As an AI application developer, I've experienced many excellent open-source TTS models. These models perform exceptionally well in certain situations, but they also have limitations. For example, the Kokoro model boasts good inference speed and synthesis quality, but it doesn't support voice cloning. This restricts its use cases. Recently, this problem has finally been solved by Qwen3-TTS. Qwen3-TTS fully supports voice cloning, voice design, and high-quality speech synthesis. It comes in 0.6B and 1.7B sizes and supports 10 mainstream languages, including English, Chinese, Japanese, Korean, German, French, Russian, Portuguese, Spanish, and Italian.

Qwen3-TTS Model List

Model Architecture

None
Qwen3-TTS Model Architecture

0.6B Model

None
Qwen3 TTS 0.6B Model

1.7B Model

None
Qwen3 TTS 1.7B Model

Online Demo

Open https://huggingface.co/spaces/Qwen/Qwen3-TTS in your browser to experience the Voice Design, Voice Clone, and Custom Voice features simultaneously.

None
Qwen3 TTS Online Demo

In addition, you can also use Vidpai, a local AI content creation studio we developed, to experience the full functionality of Qwen3-TTS.

None
vidpai-qwen3-tts

Local Deployment

The official Qwen3-TTS documentation has detailed how to deploy Qwen3-TTS on Windows, so next I will introduce how to deploy Qwen3-TTS locally on macOS using mlx-audio.

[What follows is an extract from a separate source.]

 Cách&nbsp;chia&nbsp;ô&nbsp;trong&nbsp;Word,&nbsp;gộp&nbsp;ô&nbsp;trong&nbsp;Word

  1. Configure the virtual environment
python3 -m venv .venv
source .venv/bin/activate

2. Install mlx-audio

pip install mlx-audio

3. Download the model.

You can download the corresponding quantization model based on your computer configuration and actual needs.

None
mlx qwen3 tts
huggingface-cli download mlx-community/Qwen3-TTS-12Hz-0.6B-CustomVoice-bf16 --local-dir ./models/Qwen3-TTS-12Hz-0.6B-CustomVoice-bf16

huggingface-cli download mlx-community/Qwen3-TTS-12Hz-0.6B-Base-bf16 --local-dir ./models/Qwen3-TTS-12Hz-0.6B-Base-bf16

huggingface-cli download mlx-community/Qwen3-TTS-12Hz-1.7B-VoiceDesign-8bit --local-dir ./models/Qwen3-TTS-12Hz-1.7B-VoiceDesign-8bit

4. Custom Voice

from pathlib import Path

import soundfile as sf

from mlx_audio.tts.utils import load_model

model = load_model("./models/Qwen3-TTS-12Hz-0.6B-CustomVoice-bf16")
results = list(model.generate_custom_voice(
    text="I'm so excited to meet you!",
    speaker="Vivian",
    language="English",
    instruct="Very happy and excited.",
))

if not results:
    raise ValueError("No audio generated")

final = results[0]
output_path = Path(__file__).parent / "custom_voice.wav"
sf.write(str(output_path), final.audio, final.sample_rate)
print(f"Audio saved to: {output_path}")

5. Voice Clone

from pathlib import Path

import soundfile as sf

from mlx_audio.tts.utils import load_model

model = load_model("./models/Qwen3-TTS-12Hz-0.6B-Base-bf16")
results = list(model.generate(
    text="A unified Text-to-Speech demo featuring three powerful modes",
    ref_audio="custom_voice.wav",
    ref_text="I'm so excited to meet you!",
))

if not results:
    raise ValueError("No audio generated")

final = results[0]
output_path = Path(__file__).parent / "voice_clone.wav"
sf.write(str(output_path), final.audio, final.sample_rate)
print(f"Audio saved to: {output_path}")

6. Voice Design

from pathlib import Path

import soundfile as sf

from mlx_audio.tts.utils import load_model

model = load_model("./models/Qwen3-TTS-12Hz-1.7B-VoiceDesign-8bit")
results = list(model.generate_voice_design(
    text="Big brother, you're back!",
    language="English",
    instruct="A cheerful young female voice with high pitch and energetic tone.",
))

if not results:
    raise ValueError("No audio generated")

final = results[0]
output_path = Path(__file__).parent / "voice_design.wav"
sf.write(str(output_path), final.audio, final.sample_rate)
print(f"Audio saved to: {output_path}")

Summary

Qwen3-TTS is a powerful TTS model; if you have speech synthesis needs, you can evaluate its capabilities. Additionally, mlx-audio is another noteworthy open-source project. Based on Apple's MLX framework, it allows developers to easily run various excellent TTS, STT, and STS models on Apple Silicon.